Heat transfer is a discipline of thermal engineering that concerns the generation, use, conversion, and exchange of thermal energy (heat) between physical systems. Heat transfer is classified into various mechanisms, such as thermal conduction, thermal convection, thermal radiation, and transfer of energy by phase changes. Engineers also consider the transfer of mass of differing chemical species, either cold or hot, to achieve heat transfer. While these mechanisms have distinct characteristics, they often occur simultaneously in the same system.
Heat conduction, also called diffusion, is the direct microscopic exchange of kinetic energy of particles through the boundary between two systems. When an object is at a different temperature from another body or its surroundings, heat flows so that the body and the surroundings reach the same temperature, at which point they are in thermal equilibrium. Such spontaneous heat transfer always occurs from a region of high temperature to another region of lower temperature, as described in the second law of thermodynamics.

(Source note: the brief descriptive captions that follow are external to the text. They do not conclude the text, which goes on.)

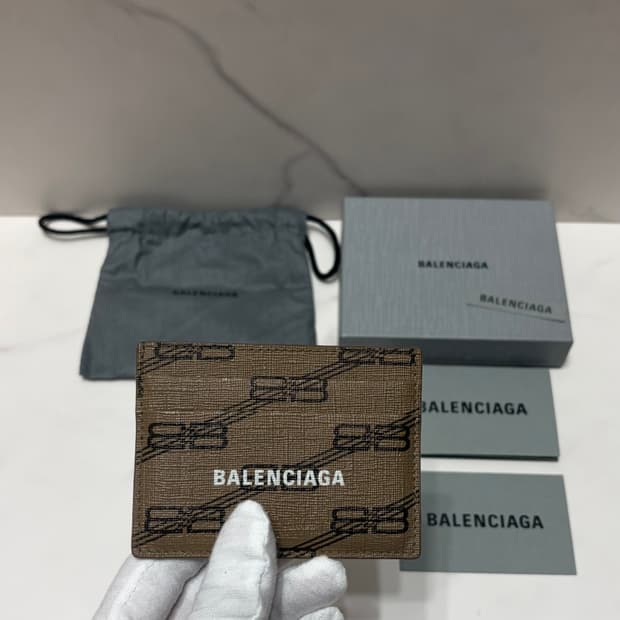 [정품] S급 발렌시아가 시그니처 카드지갑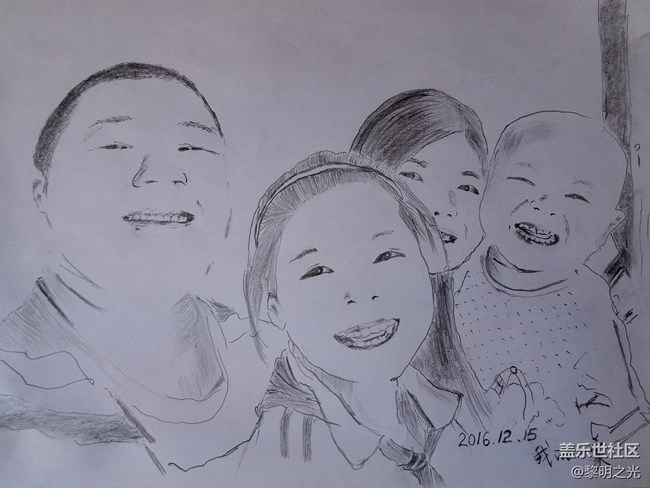 【手繪分享】第二季 純手繪 練練手 我的一家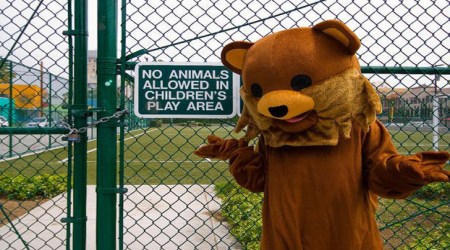 Pedobear children play area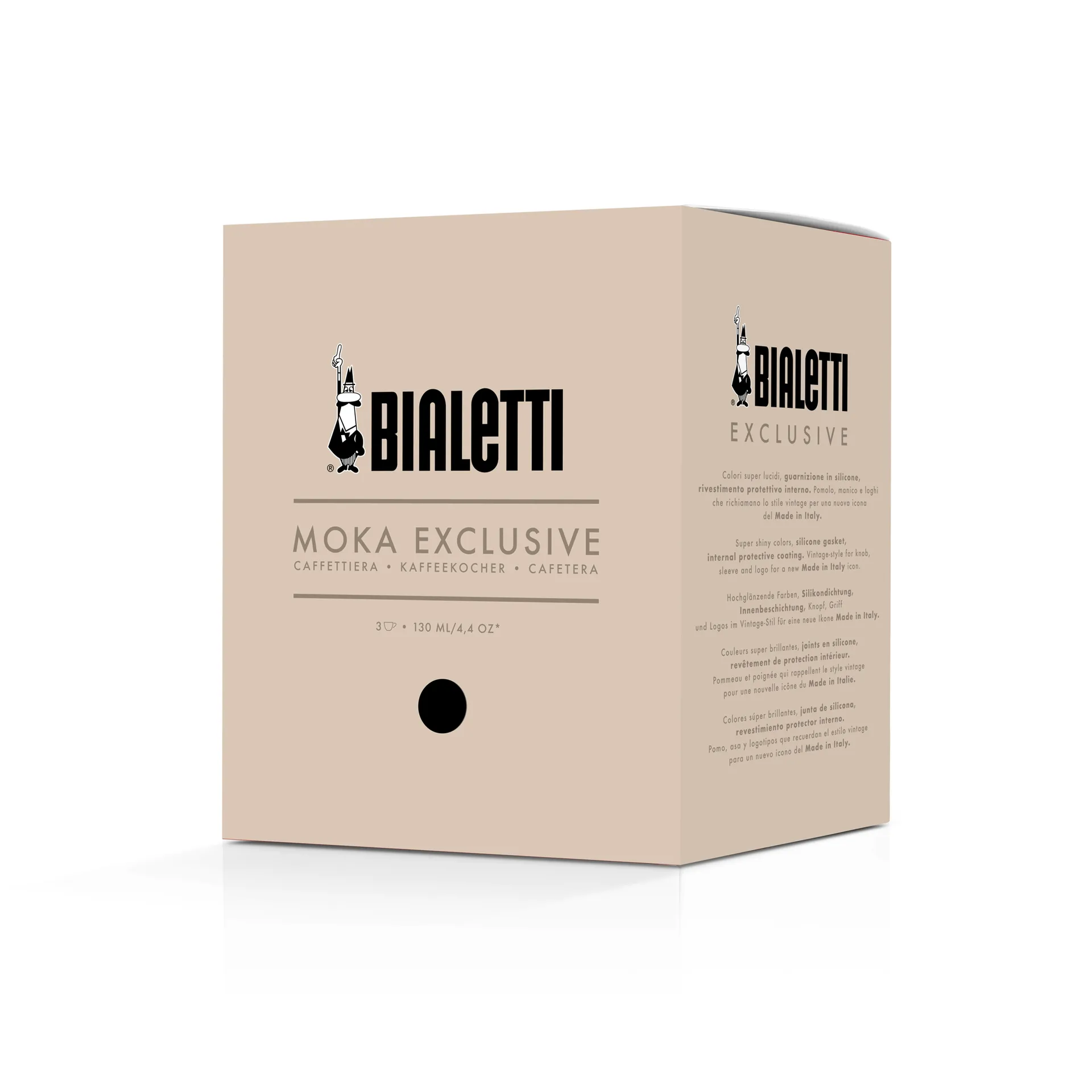 Moka esclusiva Bialetti, Nero, 3 tazze Bialetti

Heat convection occurs when bulk flow of a fluid (gas or liquid) carries heat along with the flow of matter in the fluid. The flow of fluid may be forced by external processes, or sometimes (in gravitational fields) by buoyancy forces caused when thermal energy expands the fluid (for example in a fire plume), thus influencing its own transfer. The latter process is often called “natural convection”. All convective processes also move heat partly by diffusion, as well. Another form of convection is forced convection. In this case the fluid is forced to flow by use of a pump, fan or other mechanical means.
Thermal radiation occurs through a vacuum or any transparent medium (solid or fluid or gas). It is the transfer of energy by means of photons in electromagnetic waves governed by the same laws.